When INSERTing albums and songs, there's no checking if the album or song already exists.
Speed is not optimal. I'm sure there are a lot of perl tricks to do.
The data is not very good: A lot of entries do not conform to the standard defined in DBFORMAT in the cddbd distribution. This results in very large artist and genre tables with a lot of bogus entries. The main problem is IMHO the very poor standardization of the format of the files.
It would be nice if importing would work directly from the .bz2 archives.
Rearranging the columns might speed SELECTs up. But this needs to be tested.
Caching tables in the script would be nice. firstline and processedbyline are candidates for this.
Increasing the index cache for the bigger tables might help.
See into DELAY_KEY_WRITE=1 in the mysql docs.

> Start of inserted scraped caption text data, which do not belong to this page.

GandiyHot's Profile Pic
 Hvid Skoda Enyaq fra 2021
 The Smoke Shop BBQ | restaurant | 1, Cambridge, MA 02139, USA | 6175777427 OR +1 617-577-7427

Should speed things up.
As a last resort, consider splitting the bigger tables into multiple tables.
Some fields are too big. Resizing some columns would be nice. (Didn't know this until after the import.)
Sometimes, it hangs. Oh well.

Feel free to help. :)

Table design

Table album:

Field name	Type	Comments, size, etc.	Example (partly fictional)
id	mediumint(8) unsigned	0-16 777 215, primary key, auto-increment	59021
artist_id	mediumint(8) unsigned	0-16 777 215, foreign key to artist	9076
title	blob	length <= 2^16, case sensitive	Brothers In Arms
filedir_id	tinyint(3) unsigned	0-255	7
filename	char(8)	length 8, case insensitive	640c8a09
discids	varchar(255)	length <= 255, case insensitive, comma separated	640c8a09,8d0cf209
length	smallint(5) unsigned	0-65535, in seconds	3212
trackoffsets	text	length <= 2^16, case insensitive, comma separated	182,23052,59222,77422, 105872,143630,174417, 195240,210842
year	smallint(5) unsigned	0-65535	1995
genre_id	mediumint(8) unsigned	0-16 777 215, foreign key to genre	26
revision	smallint(5) unsigned	0-65535	2
firstline_id	mediumint(8) unsigned	0-16 777 215, foreign key to firstline	2
processed_id	mediumint(8) unsigned	0-16 777 215, foreign key to processedline	4
submitted_id	mediumint(8) unsigned	0-16 777 215, foreign key to submittedline	164

Table artist:

Field name	Type	Comments, size, etc.	Example
id	mediumint(8), unsigned	0-16 777 215, primary key, auto-increment	9076
name	blob	length <= 2^16, case sensitive	Dire Straits

Table dirname:

Field name	Type	Comments, size, etc.	Example
id	mediumint(8), unsigned	0-16 777 215, primary key, auto-increment	7
name	char(10)	length = 10 characters	misc

Table firstline:

Field name	Type	Comments, size, etc.	Example
id	mediumint(8), unsigned	0-16 777 215, primary key, auto-increment	2
firstlinetext	varchar(255) binary	length <= 255, case sensitive	# xmcd

Table genre:

Field name	Type	Comments, size, etc.	Example
id	mediumint(8), unsigned	0-16 777 215, primary key, auto-increment	26
genretext	varchar(255) binary	length <= 255, case sensitive	Rock

Table processedbyline:

Field name	Type	Comments, size, etc.	Example
id	mediumint(8), unsigned	0-16 777 215, primary key, auto-increment	4
processedbylinetext	varchar(255) binary	length <= 255, case sensitive	# Processed by: cddbd v1.4b41PL3 Copyright(c) Steve Scherf et al.

Table song:

Field name	Type	Comments, size, etc.	Example
id	int(10) unsigned	0-4 294 967 295, PK, auto-inc.	730507
artist_id	mediumint(8), unsigned	0-16 777 215, foreign key to artist	9076
album_id	mediumint(8), unsigned	0-16 777 215, foreign key to album	59021
title	blob	length <= 2^16, case sensitive	Money For Nothing
song_num	tinyint(3) unsigned	0-255, starting from 0	1

Table submittedvialine:

Field name	Type	Comments, size, etc.	Example
id	mediumint(8), unsigned	0-16 777 215, primary key, auto-increment	164
submittedvialinetext	varchar(255) binary	length <= 255, case sensitive	# Submitted via: AltoMP3 Maker 3.0

Table design considerations

Album.title and Artist.name are BLOBs because some were longer than 255. BLOB instead of TEXT because of case sensitivity.
Some varchars are binary to get case sensitiveness. Same goes for blobs.
Album.year: Since mysql does all kinds of conversions for a year field, it was decided to leave the field as a smallint(5).
Table dirname: The index for the name is done on the first two characters. Consider this if ever another directory is added.